Early this month, Ossipee Lake Alliance sent letters to more than three dozen past and present zoning officials and town officers asking them to intervene with the Selectmen over violations of 1997 and 2002 Zoning Board (ZBA) decisions that limit the Marina’s scope of operations. Alliance officials said they hoped the intervention would avoid a legal challenge to the town over the matter.
The Alliance has accused the Selectmen of undermining the Zoning Board’s authority by adding language to the ZBA rulings that does not exist, and by interpreting the rulings in ways that allow the violations to continue.
Minutes of the Selectmen’s meetings show that the Board circumvented the ZBA’s limit of 23 boats stored outdoors on the property by exempting 120 of the 143 boats found in a recent count by a town official. The Selectmen also overruled the ZBA’s denial of the Marina’s use of adjacent Alvino Road, and have declined to stop the Marina from using what is known as residential Lot 42 for boat storage and boat slips, neither of which is an approved use.
The Marina is managed by Freedom resident Tim Cupka, whose wife, Donna, is a Freedom Selectman. Meeting minutes show Cupka has recused herself from votes on her husband’s business practices, leaving Board Chairman Les Babb and Selectman James Breslin to craft the Board’s decisions in July and October of last year.
Late Invitation
Alliance official David Smith said he welcomes the public meeting, but he criticized the Selectmen for refusing to change the date after being informed that no one from the Alliance’s Board of Directors could attend on the 20th. All of the Alliance’s Board members are non-resident property owners except for Howard Bouve. Bouve was a member of the ZBA at the time of the Marina decisions.
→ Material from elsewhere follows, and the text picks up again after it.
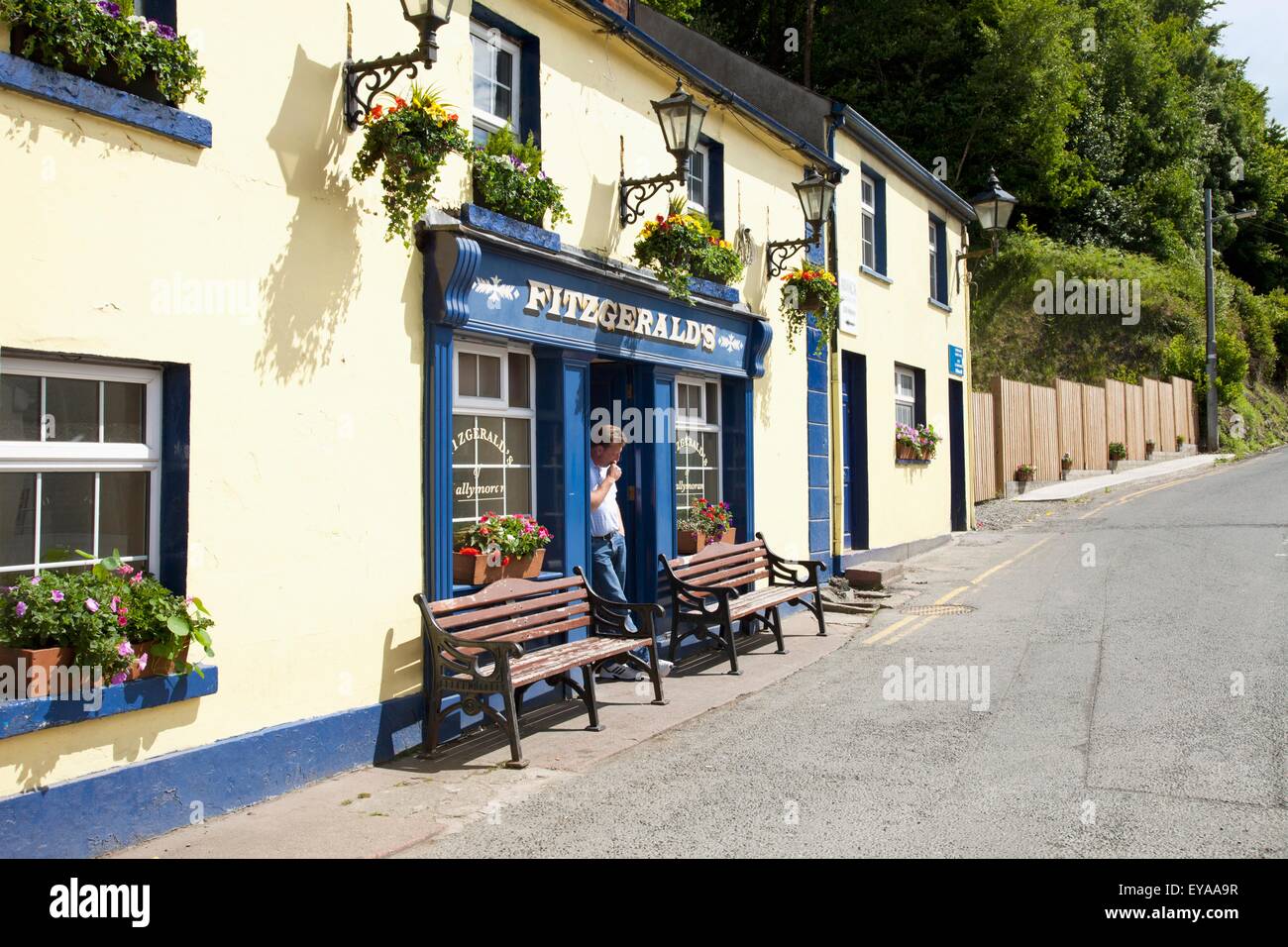 Exterior Of Fitzgeralds Pub; Avoca, County Wicklow, Ireland Stock Photo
“We contacted the Selectmen in July, August, and December of last year and never heard a word from them. Their first contact with us was to send us a certified letter two weeks ago asking us to appear on the 20th, and their second contact was to send a letter saying they wouldn’t change the date of the meeting so that one of us could attend.”
Smith says the Alliance was formed in 2002, originally as Broad Bay Alliance, after lake residents spent four years unsuccessfully trying to convince town officials to enforce environmental and zoning violations at the Marina that included filling wetlands and constructing buildings without required permits and approvals.
“We went public with our concerns a last resort,” Smith says. “The town did nothing until we took our case to the newspapers,” he recalls.
After the violations were turned over to state and local officials in 2001, the ZBA held two contentious public hearings the following year and issued rulings that rejected any additional growth of the Marina while permitting it to use a parking lot and bathroom building it had illegally constructed on near-by residential property. The ZBA decisions were upheld by State Superior Court in 2003.
Setback to Relations
Smith says the lake organization has spent the past two years trying to establish a better relationship between town officials and the lake community by working closely on milfoil prevention and control. He says having to re-open the Marina case in public is a “huge distraction.”
“We’ve been through all of this before. These are the same issues that were debated publicly, ruled on by town officials, and defended by the Town Attorney in State Court. All the Selectmen had to do was enforce them.”